• [Exercise material]
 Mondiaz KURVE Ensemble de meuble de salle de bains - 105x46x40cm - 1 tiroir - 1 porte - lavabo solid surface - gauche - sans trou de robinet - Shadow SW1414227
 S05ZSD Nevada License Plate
==
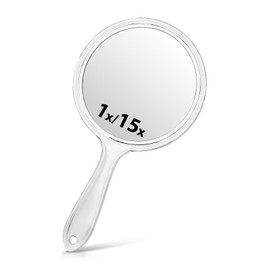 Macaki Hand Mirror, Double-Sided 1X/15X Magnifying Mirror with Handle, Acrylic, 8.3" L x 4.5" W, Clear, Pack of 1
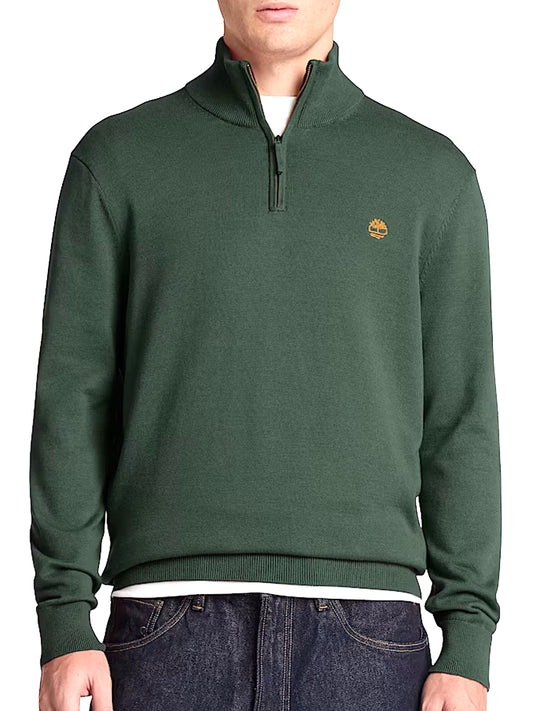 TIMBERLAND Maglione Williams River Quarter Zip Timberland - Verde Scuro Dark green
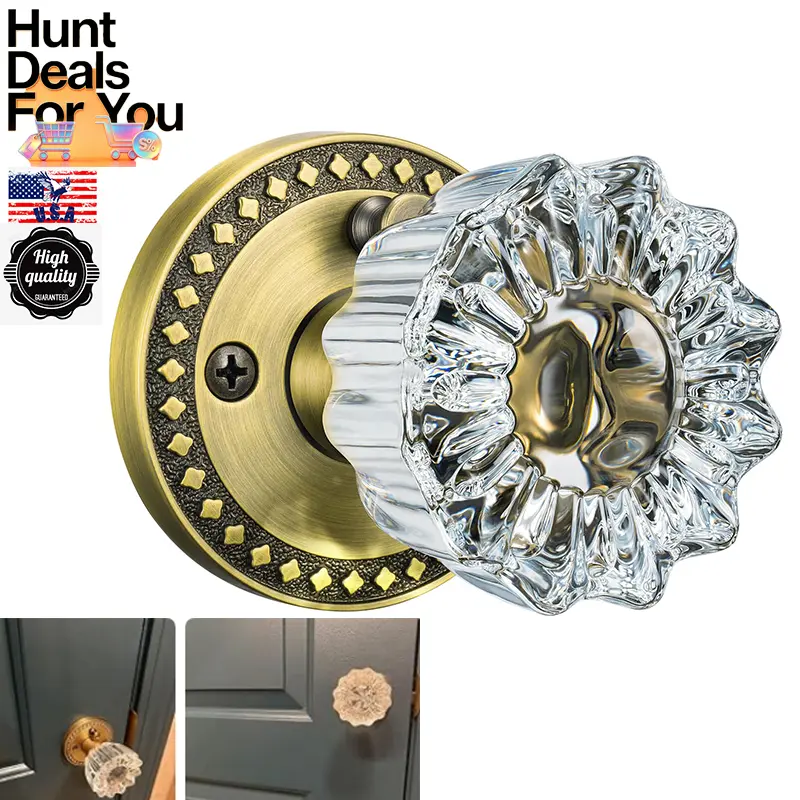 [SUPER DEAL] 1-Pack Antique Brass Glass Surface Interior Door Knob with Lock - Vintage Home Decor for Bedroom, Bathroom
* * *
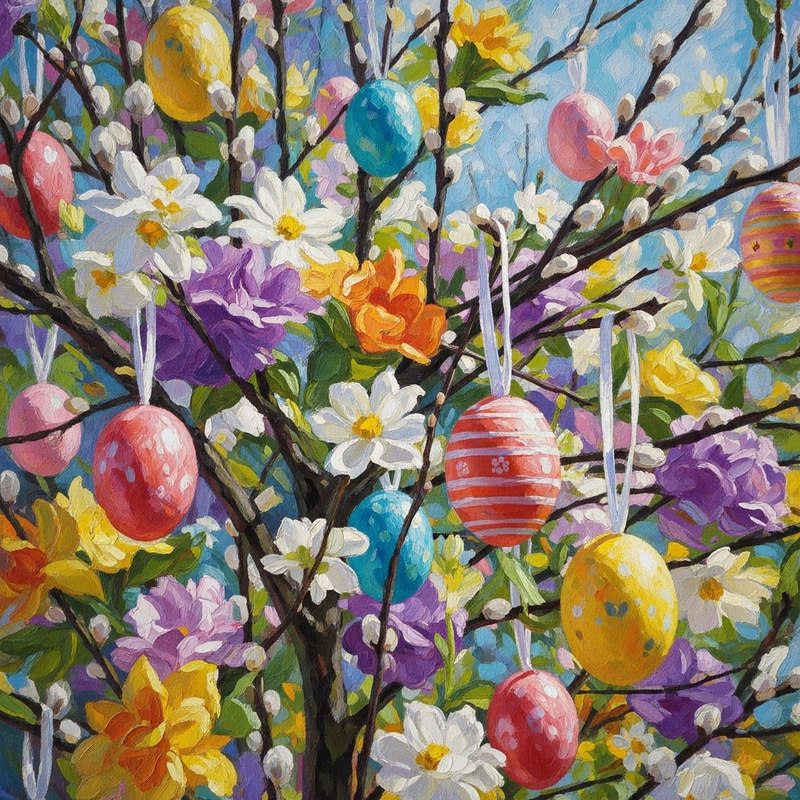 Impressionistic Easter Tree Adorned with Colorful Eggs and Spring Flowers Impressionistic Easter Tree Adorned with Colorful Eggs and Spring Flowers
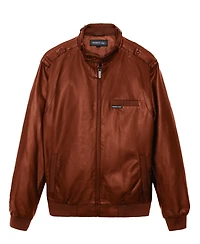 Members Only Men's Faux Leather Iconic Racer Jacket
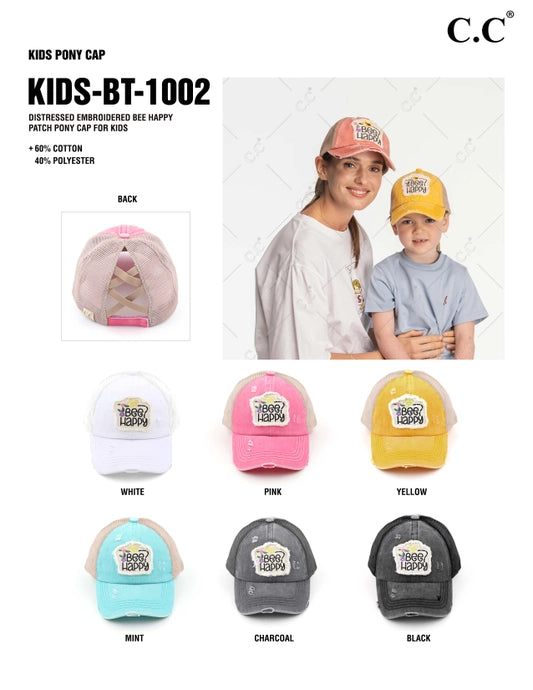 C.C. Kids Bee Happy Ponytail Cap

• [Problem details] Copy word for word the lines above, starting at the line containing "TIMBERLAND Maglione Williams" and ending at the line containing "[SUPER DEAL] 1-Pack", inclusive, with no pictures.

• [Answer for the task]
 TIMBERLAND Maglione Williams River Quarter Zip Timberland - Verde Scuro Dark green
 [SUPER DEAL] 1-Pack Antique Brass Glass Surface Interior Door Knob with Lock - Vintage Home Decor for Bedroom, Bathroom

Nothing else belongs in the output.